When Australia returned to the antipodes with their Ashes dreams shattered, a proverbial penny dropped.
We need a ‘Freddie’.
Thus the Ashes tour of 2005 set the ball rolling for the epic quest to find Australia’s analogous answer, an obsessive search for a cricketing saviour equal parts leather-flinger and willow-wielder.
Shane Watson was the preferred candidate, a Flintoff-esque figure in both skill and physique. A player with the potential to hold his place with bat or ball alone: it must be said a potential he is yet to fully realise.
Unfortunately he also owned the tag of being potentially ‘injury prone’, sadly a potential he would realise.
As a result of Watson’s injuries many suitors to the role have been tried and discarded with over the past eight years.
Andrew Symonds, Andrew McDonald and most recently Glenn Maxwell, Moises Henriques and Steve Smith all attempted to fill the void.
Henriques and Smith both impressed with the opportunities they were afforded in that erroneous tour of India, and can consider themselves unlucky to not be in the Ashes squad.
As it turns out they are making a trip to England, but instead of playing in front of 30,000 parochial, sun-baked soldiers of the Barmy Army, they will play in front of 30 sun-stroked pensioners as members of the Australia A squad.

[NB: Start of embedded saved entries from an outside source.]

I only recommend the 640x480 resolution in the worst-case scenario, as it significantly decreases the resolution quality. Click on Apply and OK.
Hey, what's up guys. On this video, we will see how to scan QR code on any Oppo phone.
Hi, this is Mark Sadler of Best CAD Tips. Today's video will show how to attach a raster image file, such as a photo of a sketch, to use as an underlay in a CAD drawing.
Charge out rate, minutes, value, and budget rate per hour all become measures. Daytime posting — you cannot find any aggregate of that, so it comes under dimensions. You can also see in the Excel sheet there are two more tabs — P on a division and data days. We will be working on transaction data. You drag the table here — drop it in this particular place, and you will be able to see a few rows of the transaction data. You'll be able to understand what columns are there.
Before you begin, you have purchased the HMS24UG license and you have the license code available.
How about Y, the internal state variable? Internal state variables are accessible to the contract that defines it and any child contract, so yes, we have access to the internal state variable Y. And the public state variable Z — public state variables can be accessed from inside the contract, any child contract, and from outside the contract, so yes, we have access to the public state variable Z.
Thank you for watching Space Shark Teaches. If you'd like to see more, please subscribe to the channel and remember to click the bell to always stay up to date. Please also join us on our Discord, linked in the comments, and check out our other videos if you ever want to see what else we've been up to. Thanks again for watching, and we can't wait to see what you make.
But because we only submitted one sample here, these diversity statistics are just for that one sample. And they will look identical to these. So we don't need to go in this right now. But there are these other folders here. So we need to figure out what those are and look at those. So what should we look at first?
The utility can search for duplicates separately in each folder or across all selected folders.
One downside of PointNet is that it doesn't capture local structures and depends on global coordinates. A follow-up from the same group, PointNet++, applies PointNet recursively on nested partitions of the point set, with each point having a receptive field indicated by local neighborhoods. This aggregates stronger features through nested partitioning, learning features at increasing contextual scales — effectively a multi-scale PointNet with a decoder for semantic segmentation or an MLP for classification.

Australia took three all-rounders the most recent tour of India, four if you include Shane Watson. If you include Watson as an all-rounder on the coming Ashes tour, that number has been halved.
Consistency of selection not only breeds confidence in a playing group, and in this regard I feel the most for Steve Smith.
He will surely be in line for a call up should form or injuries warrant it.
But none of this is to deny our new great all-round hope his opportunity.
Step up James Faulkner, a player selectors believe (and fans hope) has the ability to lay waste to that most reviled of opponents; the English cricketer.
Faulkner has been one of the most consistent performers both domestically and in shorter international fixtures for the best part of a year.
He possesses one of the best all-round games in Australia, his size and style of play not unlike that of Watson or indeed Flintoff at his peak.
Faulkner’s left arm seamers in particular could prove very handy on the swinging decks of the Old Dart. And his batting has improved markedly over this past summer, having lifted his average 10 runs from the previous season.
In fact with youth on his side, his potential as a match-winner may surpass that of Watson at a similar stage in his career.
And lets face it, his ability to call on a little bit of that curiously Australian ‘mongrel’ trait will ruffle a few pommy feathers and assure him a special place in the hearts of his English opponents and their fans.
Faulkner is not assured of a start in the coming series, though Clarke and the powers that be could do worse than throw him in as the specialist all-rounder, at the very least it would allow Watson to continue concentrating on being a batsman.
If he does get an opportunity let’s hope the young man from the apple isle can become the apple in the eyes of every Australian cricket fan bythe wind up a few straight English backs and helping the baggy greens bring home the urn.